In the air treatment device 100 according to the present embodiment, the case 1 and the heat exchanger 2 each have the rectangular parallelepiped shape. In comparison to any other shape such as a circular shape, the case 1 and the heat exchanger 2 each having the rectangular parallelepiped shape can be processed more easily, to achieve reduction in production cost for the air treatment device 100. The heat exchanger 2 having the rectangular parallelepiped shape can more accurately control a windward area and an air flow route, to accurately regulate pressure loss of an air flow in the heat exchanger 2 and regulate (decrease) differential pressure of the air duct for prevention of air leakage.

As depicted in FIG. 2 and FIG. 3, the heat exchanger 2 according to the present embodiment is disposed to be slanted from the case 1. Specifically as depicted in FIG. 3, in a planar view in the Z (Z1) direction, the four sides (surfaces) of the heat exchanger 2 are not parallel to four sides (side walls) of the case 1, and the fresh air surface 21 and the exhaust air surface 24 of the heat exchanger 2 cross at a corner 2a positioned on the side Y1 in comparison to a corner 2c where the return air surface 22 and the supply air surface 23 cross. That is, the diagonal line (i.e. the second virtual line A2) between the corners 2a and 2c of the heat exchanger 2 and the straight line (i.e. the first virtual line A1) parallel to the third side wall 13 (or the fourth side wall 14) of the case 1 form the angle α, not being parallel to each other.

Described above is the embodiment in which the case 1 has the substantially rectangular parallelepiped shape, without limiting the shape of the case 1 according to present invention. For instance, according to a modification example, a case 1 may have a polyhedral shape such as a cubic shape or a prismatic shape, a columnar shape, or the like.

Described above is the embodiment in which the fresh air port 1a and the exhaust air port 1d are provided respectively on the side Y2 and the side Y1 of the first side wall 11 of the case 1, and the return air port 1c and the supply air port 1b are provided respectively on the side Y2 and the side Y1 of the second side wall 12 of the case 1, without limiting the present invention.
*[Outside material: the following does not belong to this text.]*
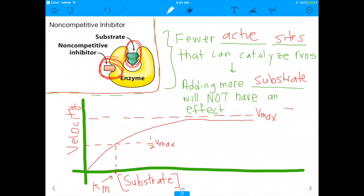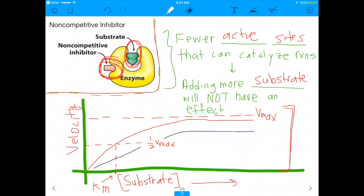If you know your Michaelis-Menten plots, a normal plot shows that as you add more substrate, the reaction happens more quickly. However, when you have a non-competitive inhibitor present, you're going to have a lower Vmax — a lower overall speed. Even when you add more substrate, the Vmax is still very low because all of the enzymes that have the inhibitor bound are still inhibited. The substrate concentration will do nothing to relieve that inhibition.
For instance, according to a modification example, the blow-out ports 1a to 1d may be provided in each of the third side wall 13 and the fourth side wall 14 of the case 1, or the blow-out ports 1a to 1d may be provided in the side walls 11 to 14 of the case 1, respectively.

It is necessary to describe herein that, as indicated by arrows in FIG. 2 and FIG. 3, the supply air path SF (in the first direction F1) perpendicular to the fresh air surface 21 and the supply air surface 23 of the heat exchanger 2 schematically indicates a rough current of an air flow in the supply air path SF but not a specific current of the air flow. The air flow in the supply air path SF according to the present embodiment actually flows from upstream to downstream, through the fresh air port 1a, the fresh air channelizing structure 3, the supply air filter FW1, the fresh air surface 21 of the heat exchanger 2, the supply air surface 23 of the heat exchanger 2, the PM 2.5 filter FW3, a supply air fan 9a, and the supply air port 1b in the mentioned order.

As depicted in FIG. 2 to FIG. 4, the air treatment device 100 according to the present embodiment includes the fresh air channelizing structure 3 disposed adjacent to the fresh air port 1a in the case 1 and configured to diffuse an air flow toward the fresh air surface 21 of the heat exchanger 2.

Specifically, as depicted in FIG. 4, the fresh air channelizing structure 3 according to the present embodiment includes a fresh air damper 31 configured to be switchable between a first fresh air position P31a (indicated by a dotted line in FIG. 4) for continuity of the supply air path SF and a second fresh air position P31b (indicated by a solid line and provided with a fresh air damper baffle 312 in FIG. 4) for blockage of the supply air path SF, and a fresh air fixing structure 32 configured to fix the fresh air damper 31 in the case 1.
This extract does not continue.